ADDITIVE MIXING

Let's now look at the process of additive mixing. The richest screen colours are all obtained by combining the red (R), green (G) and blue (B) primaries two at a time. Mixing R and G without B generates a series of colours with positive y/b signals. When R and G are both at their full intensity, we see the result as bright yellow. This result is particularly surprising for artists used to the mixing of paints. Reducing one or other component shifts the yellow towards red and green respectively. Mixing the B and G phosphors together in various proportions creates a continuous range of hues with generally negative y/b and negative r/g, passing through a blue-green colour called cyan. R and B in various proportions generate a range of intermediate hues of negative y/b and positive r/g, passing through the red-violet colour we call magenta (Figure 4.3). Together these various combinations of two primaries at a time span the entire range of the hue circle.

Figure 4.3. Additive mixing of RGB colours.

Less saturated (i.e. more whitish) colours are produced by adding the third primary. The brightnesses of the RGB phosphors are configured so that when all three are at their maximum brightness, the mixture of light produced is seen as being neutral (white). Light is seen as being white whenever the mix of light wavelengths generates r/g and y/b signals that are both zero. You can explore all of these possible combinations using the interactive sliders in Figure 4.4.

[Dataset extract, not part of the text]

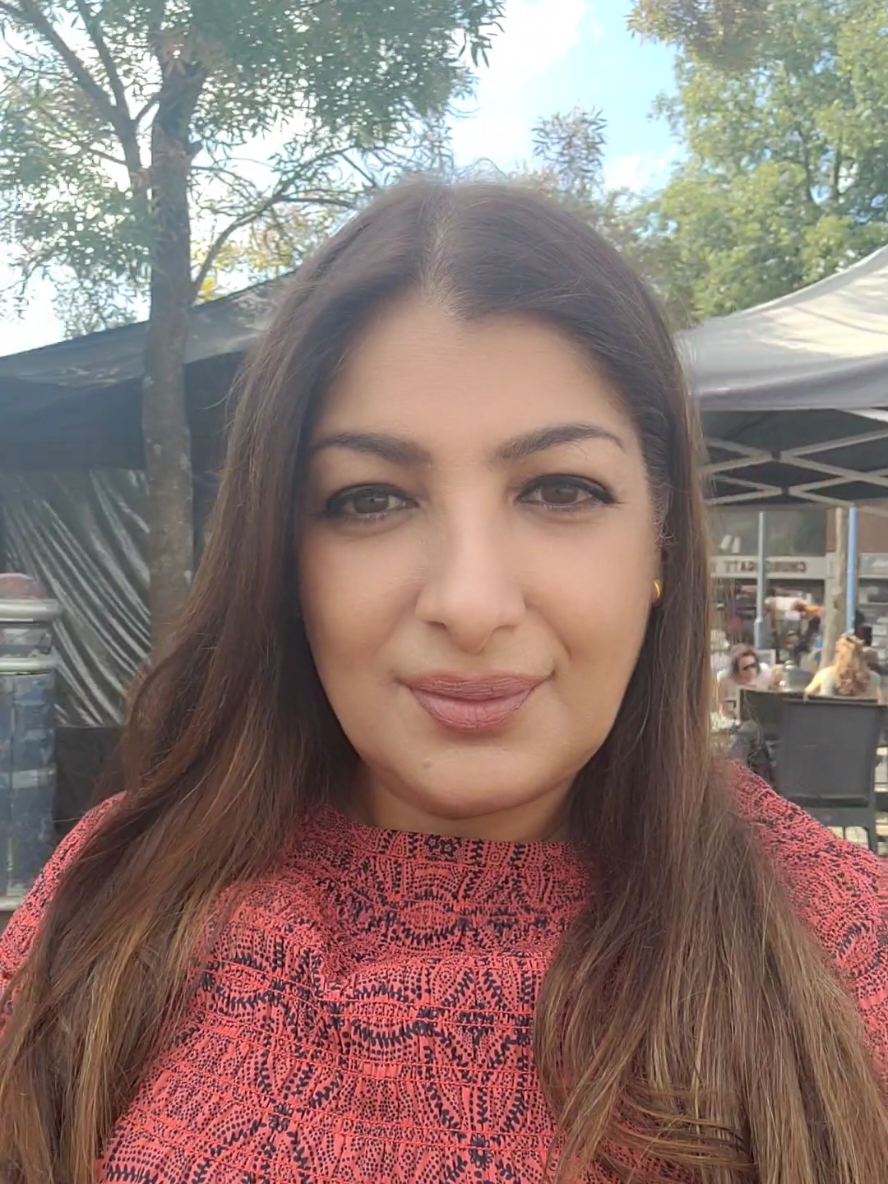 @Nisha UK ❤️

Figure 4.4. Interactive demonstration of additive mixing of RGB screen colours. Sliders control the brightnesses of the R (top), G(middle) and B (bottom) screen phosphors. Copyright David Briggs and Ray Kristanto, 2007.

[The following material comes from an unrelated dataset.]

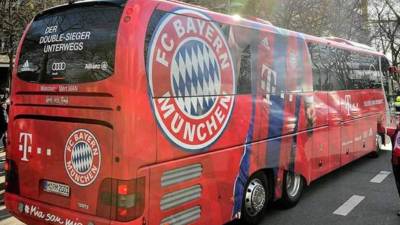 El club bávaro envió minutos después un comunicado confirmando el percance, pero destacando que nadie resultó herido.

Mixing of projected light beams is another example of additive mixing, and produces the same results as those we saw with on-screen additive mixing (Figure 4.5).

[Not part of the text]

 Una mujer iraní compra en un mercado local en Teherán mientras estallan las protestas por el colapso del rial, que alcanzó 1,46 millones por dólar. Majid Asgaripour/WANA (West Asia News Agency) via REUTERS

Figure 4.5: Interactive demonstration of additive mixing of spotlights. Top, middle and bottom sliders control the brightnesses of the red, green and blue spotlights respectively. Copyright David Briggs and Ray Kristanto, 2007.

We've just seen that we experience light as being white if it produces r/g and y/b signals that are both zero. One way that this can occur is if all wavelengths of the spectrum are represented in equal energy. This is almost the case with direct sunlight, which is a little deficient in violet-blue wavelengths, and so looks slightly yellowish. But it can also be the case with much spikier spectral distributions, such as the white on your computer screen, or fluorescent lighting, as long as the inputs from the three bands of the spectrum balance out. This phenomenon of different spectral distributions looking identical in colour, i.e. being indistinguishable to our colour sensing system, is called metamerism. Metameric differences in the spectra of different light sources can cause a potentially serious annoyance for painters, in that it can result in substantial shifts in the tonal and colour relationships within a painting under different kinds of apparently similar lighting.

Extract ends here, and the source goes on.